無力化されるまでは「届出」=「代行」=「高度な専門知識」=「報酬」だった。無力化されたあと、「時間」=「報酬」になった。「手間暇を惜しまなければ自分でできるけどそんな時間がないから任せている」状態に。報酬が相対化された。「自分でもできるけどまかせているだけ(ほんとうはできないんだけどね)」と。そしたら、今までの報酬を「高い」と受け止める。

一部の「専門知識」は「知っている」ぐらいに変容した。「知っている」ぐらに変容させられた「知識」を持つ人は危機感を抱く。抱かない人もいる。抱く人は積極的に「知っている」を発信して「知らない」人を取り込む。本屋に会計本が平積みされている光景がそれ。抱かない人はその光景を見て、「なんでこんなことも知らないの」と首を傾げ、「なんでこんな本が売れるの」と嘲る。

たぶん、その感想は正常な反応だと思う。

でも、危機感を抱く人が「わかりきった知識をわざわざ書く理由」をスルーしてしまっていないかな。妄想すれば、「わかりきった知識」を「知らない」人に向けて「わざわざ」発信するのは、「教える」ためじゃないと思う。むしろ、「ね、やっぱり読んでもわからないだろ」と得心させるためだったり?

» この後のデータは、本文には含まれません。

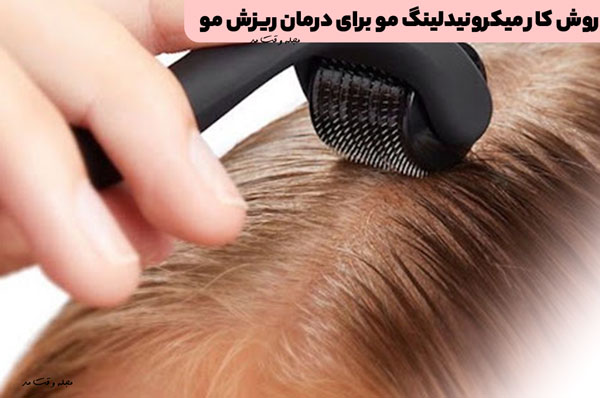 روش کار میکرونیدلینگ مو برای درمان ریزش مو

一度、「わからない」状態を気づかせる。「知らない」人は「わかる」ために「書いた人」を求めるように。本を売る目的ならベストセラーで成功だけど、それは「消費」されたにすぎない。目的の半分しか達成していないのでは。残り半分の目的は、「いつも報酬を払ってくれるリピーター」を獲得すること。

「知っている」と「知らない」はいらない

極端に書けば、思考が尖るから自問自答しやすい。以下も同じ。たぶん、これから「あちら側」はどんどん「知っている人」を無力化するだろう。にもかかわらず、人は「知る」ことにますます駆り立てられるかもしれない。「どれだけはやく知り、どれだけたくさん知っている」かに拍車がかかる。「知っている人」のヒエラルキーが現れて、頂上付近の人が「あちら側」に「知っていること」を開放する。そこに裾野の人たちが群がる。

ライフハック系のサイトが人気を集める。グーグル先生に尋ねたら一日でこなせない量ほどの「一日ライフハック」を教えてくれる。そして本も売れる。やっぱりまとまっているから便利だし。

ただ、「知っている人」のヒエラルキーといっても、先の「専門知識」から「知っている」に変容させられた「知っている人」は歓迎されない。ライフハックと違って、「読んで実践する」には敷居が高い。ライフハック系以上高度専門知識未満の「専門知識」を持つ人はそれが問題だと思う。

その問題の糸口は「会計本」や「マーケティング本」、あるいは「不動産本」や「投資本」の平積み。

で、嫉妬心からさんざん「専門知識」から「知っている」への変容を叩いたけど、ウェブサイトに携わる私なんてものは「専門知識」どころか「知っている」シロモノも持たず。あと数年もすれば、「ウェブサイト製作」なんて仕事はないだろう。FlshaやProgrammingなどの「専門知識」を持つウェブサイト製作は引手あまたかな。ということは、たぶん私の仕事の領域はすでに無力化させられたわけで。無力化された領域に住むと今まで見えなかった「自分」が見えてきますな。あはは。